Background information
- Born: Spanish Town, Jamaica
- Genres: Soul; folk; R&B;
- Occupations: Singer; songwriter;
- Instruments: Vocals; guitar;
- Years active: 2013–present

= Denai Moore =

British-Jamaican artist and singer

Denai Moore is a British-Jamaican musician, chef and cookbook author.
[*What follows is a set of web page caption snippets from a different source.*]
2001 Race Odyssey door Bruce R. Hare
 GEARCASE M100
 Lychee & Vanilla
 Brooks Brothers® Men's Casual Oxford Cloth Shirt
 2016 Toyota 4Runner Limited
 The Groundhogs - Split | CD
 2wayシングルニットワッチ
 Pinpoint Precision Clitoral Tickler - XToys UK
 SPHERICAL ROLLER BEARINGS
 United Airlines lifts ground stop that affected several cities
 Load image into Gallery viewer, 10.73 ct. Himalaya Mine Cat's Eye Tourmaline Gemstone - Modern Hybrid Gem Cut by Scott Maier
Her most recent album Modern Dread was released in July 2020. Moore's musical style is a mix of soul, folk, electronic, and other styles, and she has said she takes influence from Lauryn Hill and Bon Iver. She refers to her own music as "genre free". She has been described as "one to watch out for" by The Fader.

== Early life and career ==
Moore was born in Spanish Town, Jamaica, where she learned to play keyboards from her father. Her family moved to Stratford, London when she was 10. After she left school, she played in small clubs in East London, and appeared as a guest vocalist on SBTRKT's 2014 album Wonder Where We Land. She later signed with Because Music.

Moore's first single, "The Lake", was produced by Plan B. Her album Elsewhere was released in 2015 and produced by Rodaidh McDonald (The xx, Savages). Her second album We Used To Bloom was released in 2017. Modern Dread was released in 2020; in a review of the album The Guardian noted that "Moore’s hypnotically sinister beats take the listener on a surrealist journey into a fantasy world."

Moore became a vegan in 2015. In 2017, Moore founded a vegan supper club called Dee's Table.

== Cookbook ==
In April 2023, Hardie Grant published Moore's cookbook, Plentiful: Vegan Jamaican Recipes to Repeat. In July, the New York Times covered a dinner in honor of the cookbook at the Carl Freedman Gallery in Margate. The dinner was held at the opening of an art show curated by fashion designer Ronan Mckenzie.

=== Reception ===
Mayukh Sen of The Washington Post said the book's "recipes imaginatively take advantage of the bounties of Jamaica." Avery Yale Kamila of the Portland Press Herald included the book on her list of the best plant-based books of 2023. Fliss Freborn of National Geographic included the book on her list of the best new summer cookbooks.